The world as global Palestine

For Palestinians – as for many refugees in camps and detention – a state of lockdown is nothing new. In Elia Suleiman’s gentle comedy It Must Be Heaven, he seems to foretell, with empty city-scapes, and omnipresent police – how COVID-19 can affect the most vulnerable. As species die around us, oceans rise, more and more people will be forced to flee. We are now besieged by a 1.5 billion year old life-form: a virus. Suleiman suggests we learn from this experience to live in the state of siege epitomized by Palestine. His surreal film inspires us to observe, to reflect on our common humanity, and to quietly, and resolutely, resist state solutions that put security ahead of human well-being.  

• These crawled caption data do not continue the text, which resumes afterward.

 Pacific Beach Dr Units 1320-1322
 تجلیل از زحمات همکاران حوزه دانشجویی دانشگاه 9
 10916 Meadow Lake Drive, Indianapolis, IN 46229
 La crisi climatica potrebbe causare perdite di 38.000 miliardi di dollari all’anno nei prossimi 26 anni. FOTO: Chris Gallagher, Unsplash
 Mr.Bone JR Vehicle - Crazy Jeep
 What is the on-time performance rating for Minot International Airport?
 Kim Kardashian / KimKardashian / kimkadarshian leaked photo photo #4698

Handala’ by cartoonist Naji al-Ali                             Elia Suleiman in ‘It Must be Heaven

In an early full-length study of how COVID-19 lockdowns affect migrant workers, the editor comments that across the world:  “Borders are closed. These closing lines are drawing inwards like concentric circles to the extent that the migrant…is unwelcome, s/he is a migrant to his/her own home”.  An estimated 80 per cent of the planet’s people have been through weeks or months of strict lockdown, and global dividing walls seem to divide more and more of us. In his gentle, surreal and humorous film, Palestinian director Elia Suleiman suggests, during the worldwide COVID-19 lockdown, “you can consider the world a global Palestine”. In the ironically-titled It Must be Heaven (2019), set in occupied Palestine, Paris and New York, Suleiman plays the main character.

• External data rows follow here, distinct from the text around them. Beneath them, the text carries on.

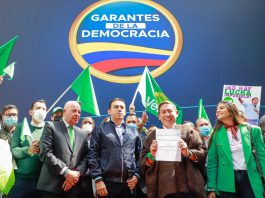 Carlos Amaya ya es candidato a la Presidencia de Colombia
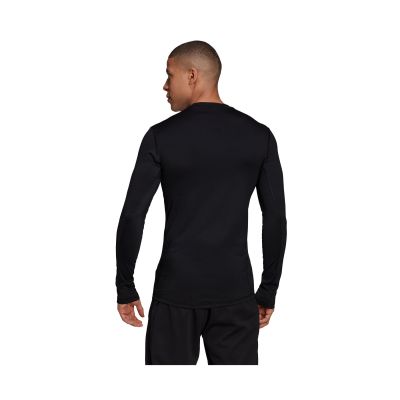 3. Koszulka adidas TechFit Warm M H23120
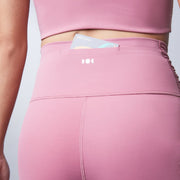 HOW- EFFORTLESS Mid V-Waist UV Protection Cropped Sports leggings Leggings Her own words SPORTS Biking Red XS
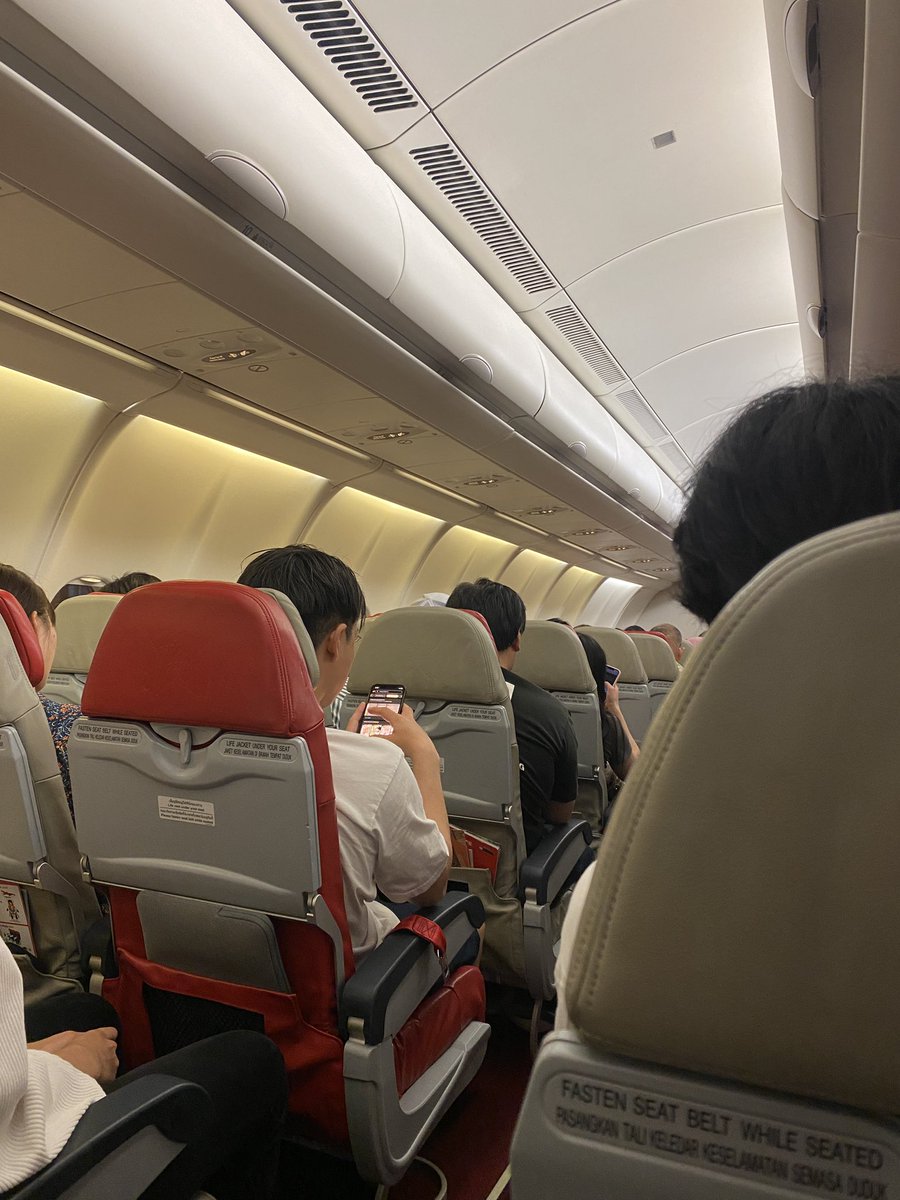 D322🗾-2025.08.11 (last day in jp)
วันนี้ตอนเช้ารอจนทจ่ายค่าน้ำค่าไฟรอบสุดท้าย เห็นห้องที่โล่งๆ แล้วใจหายมากเลย เวลาผ่านไปไวขนาดนี้ได้ไงน้อ จะออกจากหอตอน4โมงเพื่อนรอไปส่ง ร้องไห้กันอีก2-3รอบ ฮือ บ้ายบาย มิโน ไว้กลับมาหานะ ขอบคุณที่ดูแลกันมาเป็นอย่างดี แล้วเจอกันใหม่ :-) 🧡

He stands, like Handala, the little boy seen from behind, cartoon symbol of Palestinian resistance (Illustration below). As Naji al-Ali, the cartoonist, explains he: “…drew Handala to keep the memory of his homeland close to him, and…through this icon he works to remember his Palestinian identity”. [HH1] Handala is a young refugee. Like him, Suleiman stands in the film with his hands folded behind his back, bearing witness to all that is around him. In Paris and New York, he finds the cities almost deserted. He watches policemen measure the distance between the café tables to the road, as he sits drinking coffee. They could be measuring our social distancing. As tanks rumble through Parisian streets, we are back in Palestine. In New York, a helicopter follows Suleiman down an empty alleyway. Grocery shoppers carry guns, bazookas, grenades, and rocket-launchers. In a rare act of kindness, an African-American taxi driver, hearing Suleiman is Palestinian, offers him a free cab ride. In Central Park an angel dressed in the Palestinian flag is chased by police. In Nazareth, Paris, New York, police are everywhere, along with cameras and surveillance.

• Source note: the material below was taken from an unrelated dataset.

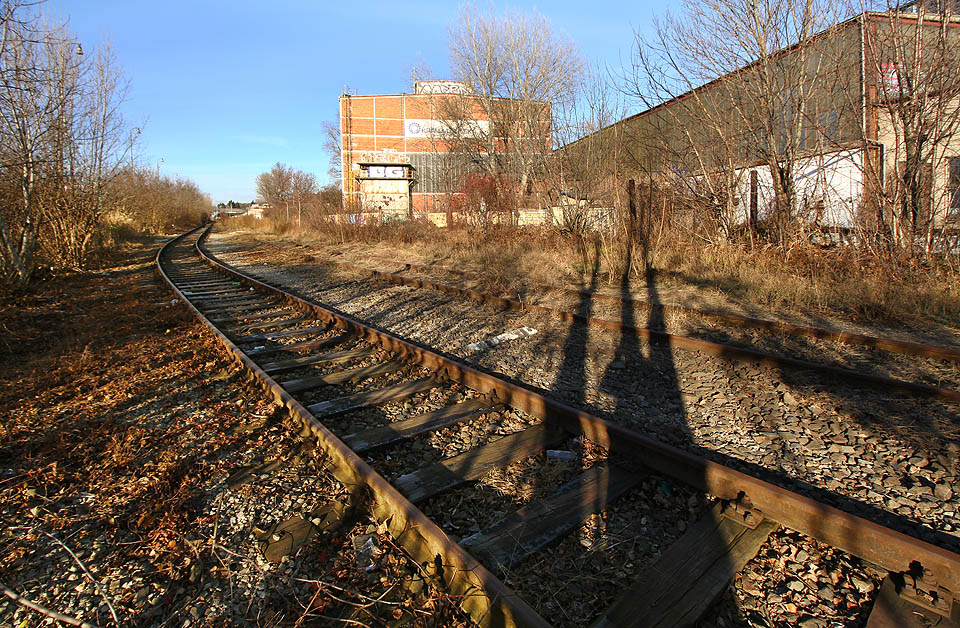 Místo odbočení <a href=/Tema/Vle%C4%8Dka%20Kr%C3%A1lovo%20Pole%20-%20vojensk%C3%A9%20sklady>vlečky do Montursdepa</a> z dnešní koleje č. 105 obvodu staré nádraží stanice <a href=/Tema/Brno-Kr%C3%A1lovo%20Pole%20(%C5%BEst)>Brno-Královo Pole</a>.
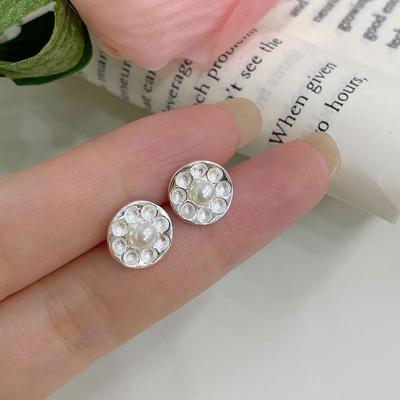 Konkave Runde Perlenohrringe Klein Geometrische Textur Ohrringe Französisch Retro Klein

As Daniel Trilling notes, measures to combat Covid-19 have led to the ‘overpolicing of marginalized groups’. And Suleiman points out that the politics used in Palestine are now universal. Can one really fight a virus with security measures and border closure?  Across the world, migrant workers, refugees, the homeless and Roma are besieged, confined to crowded accommodation, chased out of the cities in the Gulf, India and China. Forced into makeshift camps, attacked and detained, all in the name of containing the virus.  What we need now is testing, tracing and protection for the most vulnerable, and genuinely universal health care. In the absence of these necessities, we get more policing. When Turkey bussed Syrian refugees to the Greek border during the COVID-19 crisis, they were reportedly met with “tear gas, water cannon and live ammunition” when “…trying to cross the border”. As attention shifts away from terrorism to infection, the vocabulary remains the same: fighting, beating, a war. The unseen enemy must be smashed, but the violence is also visible. As Arundhati Roy (Indian novelist and political speaker) notes: “Historically, pandemics have forced humans to break with the past and imagine their world anew. This one is no different. It is a portal, a gateway between one world and the next”. In the perplexing era we now live in, like Suleiman, and like Handala, Naji-al-Ali’s iconic symbol of Palestinian sumud, or resistance, we need to pause a while, observe, listen and learn, and to resist through finding joy in our common humanity.